Activity: At the line that includes "Audi A3 8Y sportback", begin writing out the entries below exactly, and continue through the last line without adding anything.

Task data:
**********

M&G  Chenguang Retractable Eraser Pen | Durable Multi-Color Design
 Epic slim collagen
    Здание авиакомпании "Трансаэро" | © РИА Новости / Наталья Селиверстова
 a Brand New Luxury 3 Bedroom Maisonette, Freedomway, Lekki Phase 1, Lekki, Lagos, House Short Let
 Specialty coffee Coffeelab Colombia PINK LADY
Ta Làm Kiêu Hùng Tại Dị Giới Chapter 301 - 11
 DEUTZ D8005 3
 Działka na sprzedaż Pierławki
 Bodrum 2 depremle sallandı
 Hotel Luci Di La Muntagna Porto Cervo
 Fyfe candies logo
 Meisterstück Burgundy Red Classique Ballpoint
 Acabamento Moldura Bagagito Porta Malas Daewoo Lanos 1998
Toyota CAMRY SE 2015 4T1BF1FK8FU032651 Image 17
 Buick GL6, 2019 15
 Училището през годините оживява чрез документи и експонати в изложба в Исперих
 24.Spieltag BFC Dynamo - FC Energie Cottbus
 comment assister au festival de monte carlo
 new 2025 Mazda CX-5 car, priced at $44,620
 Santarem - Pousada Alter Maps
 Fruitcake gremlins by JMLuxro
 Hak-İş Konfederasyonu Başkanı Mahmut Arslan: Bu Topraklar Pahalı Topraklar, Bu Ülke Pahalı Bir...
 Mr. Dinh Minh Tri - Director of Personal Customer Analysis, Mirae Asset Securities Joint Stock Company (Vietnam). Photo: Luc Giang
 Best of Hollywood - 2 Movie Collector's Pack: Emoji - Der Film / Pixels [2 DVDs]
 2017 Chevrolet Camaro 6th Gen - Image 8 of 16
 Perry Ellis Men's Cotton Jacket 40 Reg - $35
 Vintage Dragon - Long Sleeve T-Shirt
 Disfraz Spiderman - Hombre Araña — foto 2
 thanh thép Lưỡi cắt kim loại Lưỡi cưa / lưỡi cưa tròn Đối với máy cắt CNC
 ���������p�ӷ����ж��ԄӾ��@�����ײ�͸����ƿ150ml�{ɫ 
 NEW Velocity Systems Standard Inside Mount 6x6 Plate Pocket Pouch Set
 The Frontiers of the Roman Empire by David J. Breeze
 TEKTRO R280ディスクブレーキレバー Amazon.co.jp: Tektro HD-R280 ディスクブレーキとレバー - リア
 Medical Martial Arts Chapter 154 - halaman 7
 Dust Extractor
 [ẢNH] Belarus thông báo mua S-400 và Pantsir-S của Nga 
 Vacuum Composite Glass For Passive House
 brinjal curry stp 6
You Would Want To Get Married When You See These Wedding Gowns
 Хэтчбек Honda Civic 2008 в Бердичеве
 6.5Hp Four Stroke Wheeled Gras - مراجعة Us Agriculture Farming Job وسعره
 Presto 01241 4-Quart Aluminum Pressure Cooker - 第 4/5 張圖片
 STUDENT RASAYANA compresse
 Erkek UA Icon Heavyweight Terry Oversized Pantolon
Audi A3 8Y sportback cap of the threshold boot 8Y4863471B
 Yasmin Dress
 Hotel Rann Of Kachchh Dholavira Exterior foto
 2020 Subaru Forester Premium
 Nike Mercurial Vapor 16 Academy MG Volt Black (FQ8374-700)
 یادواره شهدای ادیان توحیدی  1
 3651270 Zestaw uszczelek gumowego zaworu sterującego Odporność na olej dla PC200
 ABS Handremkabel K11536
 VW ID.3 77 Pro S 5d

**********

Answer space:
Audi A3 8Y sportback cap of the threshold boot 8Y4863471B
 Yasmin Dress
 Hotel Rann Of Kachchh Dholavira Exterior foto
 2020 Subaru Forester Premium
 Nike Mercurial Vapor 16 Academy MG Volt Black (FQ8374-700)
 یادواره شهدای ادیان توحیدی  1
 3651270 Zestaw uszczelek gumowego zaworu sterującego Odporność na olej dla PC200
 ABS Handremkabel K11536
 VW ID.3 77 Pro S 5d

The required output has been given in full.